Only some lines are wanted. Transcribe, exactly, the lines below from the line with "GYGhaoho 120 Pcs" up to and including the line with "在地图上查看17平方米開放式公寓 (竹南鎮) - 有1間私人浴室".

===== DATASET RECORDS =====

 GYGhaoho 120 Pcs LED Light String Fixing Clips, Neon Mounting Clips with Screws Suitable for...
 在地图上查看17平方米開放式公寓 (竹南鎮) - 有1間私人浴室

=====
===== DATASET RECORDS =====

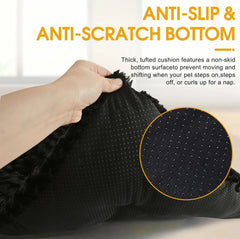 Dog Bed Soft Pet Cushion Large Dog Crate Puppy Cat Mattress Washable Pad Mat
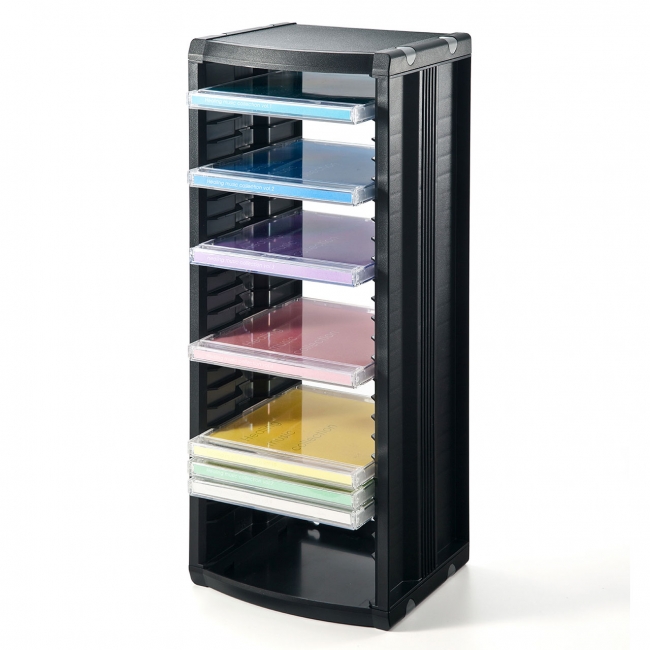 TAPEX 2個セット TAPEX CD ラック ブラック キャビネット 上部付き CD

=====
===== DATASET RECORDS =====

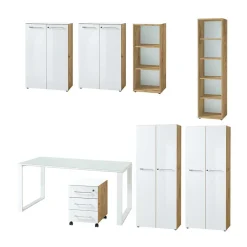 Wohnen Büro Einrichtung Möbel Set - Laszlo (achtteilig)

=====

• ANSWER BELOW:
 GYGhaoho 120 Pcs LED Light String Fixing Clips, Neon Mounting Clips with Screws Suitable for...
 在地图上查看17平方米開放式公寓 (竹南鎮) - 有1間私人浴室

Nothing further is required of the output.